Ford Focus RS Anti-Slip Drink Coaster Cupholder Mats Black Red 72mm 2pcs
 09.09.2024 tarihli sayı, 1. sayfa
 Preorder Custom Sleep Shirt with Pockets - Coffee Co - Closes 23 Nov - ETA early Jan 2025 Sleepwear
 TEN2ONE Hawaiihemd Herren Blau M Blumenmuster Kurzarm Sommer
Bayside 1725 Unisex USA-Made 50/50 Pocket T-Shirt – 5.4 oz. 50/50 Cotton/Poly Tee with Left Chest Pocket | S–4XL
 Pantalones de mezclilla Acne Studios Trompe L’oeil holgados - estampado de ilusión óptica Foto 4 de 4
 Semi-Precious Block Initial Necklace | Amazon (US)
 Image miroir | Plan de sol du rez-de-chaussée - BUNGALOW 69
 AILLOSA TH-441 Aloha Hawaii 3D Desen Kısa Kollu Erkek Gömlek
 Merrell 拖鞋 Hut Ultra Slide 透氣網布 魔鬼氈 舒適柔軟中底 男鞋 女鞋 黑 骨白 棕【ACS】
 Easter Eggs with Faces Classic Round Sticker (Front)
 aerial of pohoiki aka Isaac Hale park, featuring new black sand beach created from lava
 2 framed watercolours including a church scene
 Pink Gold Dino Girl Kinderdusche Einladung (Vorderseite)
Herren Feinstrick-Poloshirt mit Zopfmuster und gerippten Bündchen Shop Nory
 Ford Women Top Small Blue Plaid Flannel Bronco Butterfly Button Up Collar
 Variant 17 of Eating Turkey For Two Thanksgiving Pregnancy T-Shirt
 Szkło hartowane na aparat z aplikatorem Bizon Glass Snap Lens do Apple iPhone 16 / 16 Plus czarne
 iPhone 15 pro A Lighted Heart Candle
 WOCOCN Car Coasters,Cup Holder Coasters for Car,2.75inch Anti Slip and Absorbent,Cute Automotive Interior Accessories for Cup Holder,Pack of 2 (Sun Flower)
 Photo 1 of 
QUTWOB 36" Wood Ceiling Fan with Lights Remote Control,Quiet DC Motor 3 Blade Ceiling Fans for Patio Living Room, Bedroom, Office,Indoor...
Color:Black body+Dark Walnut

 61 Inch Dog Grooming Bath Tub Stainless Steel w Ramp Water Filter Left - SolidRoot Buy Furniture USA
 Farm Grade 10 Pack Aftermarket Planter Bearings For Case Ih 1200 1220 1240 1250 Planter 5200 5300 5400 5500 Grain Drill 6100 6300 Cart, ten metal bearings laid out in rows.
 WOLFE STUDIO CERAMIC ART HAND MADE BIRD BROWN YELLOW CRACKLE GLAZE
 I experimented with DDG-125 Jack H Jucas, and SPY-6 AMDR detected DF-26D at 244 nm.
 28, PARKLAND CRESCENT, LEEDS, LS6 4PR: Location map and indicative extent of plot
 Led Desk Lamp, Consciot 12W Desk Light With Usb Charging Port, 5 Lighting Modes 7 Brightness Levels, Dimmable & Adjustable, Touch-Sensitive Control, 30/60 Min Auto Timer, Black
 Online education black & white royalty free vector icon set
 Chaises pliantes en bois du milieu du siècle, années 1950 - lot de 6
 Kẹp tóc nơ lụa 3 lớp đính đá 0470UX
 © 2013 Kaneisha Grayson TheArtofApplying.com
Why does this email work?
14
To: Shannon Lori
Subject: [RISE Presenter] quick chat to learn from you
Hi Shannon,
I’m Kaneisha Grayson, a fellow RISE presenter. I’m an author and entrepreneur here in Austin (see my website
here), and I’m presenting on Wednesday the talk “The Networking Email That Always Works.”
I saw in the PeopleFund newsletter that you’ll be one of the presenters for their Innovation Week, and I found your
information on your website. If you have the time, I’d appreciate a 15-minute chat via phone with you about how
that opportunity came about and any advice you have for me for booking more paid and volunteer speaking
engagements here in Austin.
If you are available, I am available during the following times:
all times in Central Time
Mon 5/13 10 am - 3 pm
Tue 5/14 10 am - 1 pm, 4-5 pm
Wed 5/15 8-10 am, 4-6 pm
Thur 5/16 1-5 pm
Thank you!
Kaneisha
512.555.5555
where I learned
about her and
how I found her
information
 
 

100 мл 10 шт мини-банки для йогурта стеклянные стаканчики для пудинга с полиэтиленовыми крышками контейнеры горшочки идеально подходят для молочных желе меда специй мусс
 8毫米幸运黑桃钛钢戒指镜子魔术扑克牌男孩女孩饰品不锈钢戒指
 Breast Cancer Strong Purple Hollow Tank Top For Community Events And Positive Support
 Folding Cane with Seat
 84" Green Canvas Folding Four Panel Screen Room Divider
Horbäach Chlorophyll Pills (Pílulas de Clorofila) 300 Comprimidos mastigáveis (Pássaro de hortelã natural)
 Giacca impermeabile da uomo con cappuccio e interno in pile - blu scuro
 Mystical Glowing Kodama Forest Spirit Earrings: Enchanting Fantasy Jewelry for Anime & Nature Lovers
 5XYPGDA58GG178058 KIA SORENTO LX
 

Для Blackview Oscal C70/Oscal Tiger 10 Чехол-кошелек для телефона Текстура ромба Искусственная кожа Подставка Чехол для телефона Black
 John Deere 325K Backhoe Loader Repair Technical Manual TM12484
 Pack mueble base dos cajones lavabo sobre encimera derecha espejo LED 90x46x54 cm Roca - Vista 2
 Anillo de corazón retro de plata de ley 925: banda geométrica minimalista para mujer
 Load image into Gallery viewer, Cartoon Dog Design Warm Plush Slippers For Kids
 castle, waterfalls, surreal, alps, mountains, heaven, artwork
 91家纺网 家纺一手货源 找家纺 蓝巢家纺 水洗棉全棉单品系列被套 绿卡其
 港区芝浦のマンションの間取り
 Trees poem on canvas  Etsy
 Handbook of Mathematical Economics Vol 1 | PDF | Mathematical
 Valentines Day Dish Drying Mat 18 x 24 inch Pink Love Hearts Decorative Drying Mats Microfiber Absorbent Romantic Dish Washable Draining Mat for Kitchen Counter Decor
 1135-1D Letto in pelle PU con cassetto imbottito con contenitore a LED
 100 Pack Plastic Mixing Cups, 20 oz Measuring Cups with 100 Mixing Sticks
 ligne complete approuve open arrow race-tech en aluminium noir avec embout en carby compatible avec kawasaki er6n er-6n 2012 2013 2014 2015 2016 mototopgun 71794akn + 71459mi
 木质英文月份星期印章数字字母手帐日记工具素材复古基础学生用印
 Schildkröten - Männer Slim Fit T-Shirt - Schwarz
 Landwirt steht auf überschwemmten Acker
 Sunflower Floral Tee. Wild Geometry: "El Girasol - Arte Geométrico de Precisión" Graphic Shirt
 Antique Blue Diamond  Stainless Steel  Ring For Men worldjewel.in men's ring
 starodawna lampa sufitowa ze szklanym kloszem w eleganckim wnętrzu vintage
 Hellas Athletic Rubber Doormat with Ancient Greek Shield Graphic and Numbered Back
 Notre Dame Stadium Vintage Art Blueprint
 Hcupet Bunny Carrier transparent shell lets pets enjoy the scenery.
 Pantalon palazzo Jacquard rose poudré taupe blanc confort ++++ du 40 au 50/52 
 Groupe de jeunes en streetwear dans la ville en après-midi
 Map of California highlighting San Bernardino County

# Task requirements
Copy out every line of the listing that includes the string "Steel".

# Written solution
 61 Inch Dog Grooming Bath Tub Stainless Steel w Ramp Water Filter Left - SolidRoot Buy Furniture USA
 Antique Blue Diamond  Stainless Steel  Ring For Men worldjewel.in men's ring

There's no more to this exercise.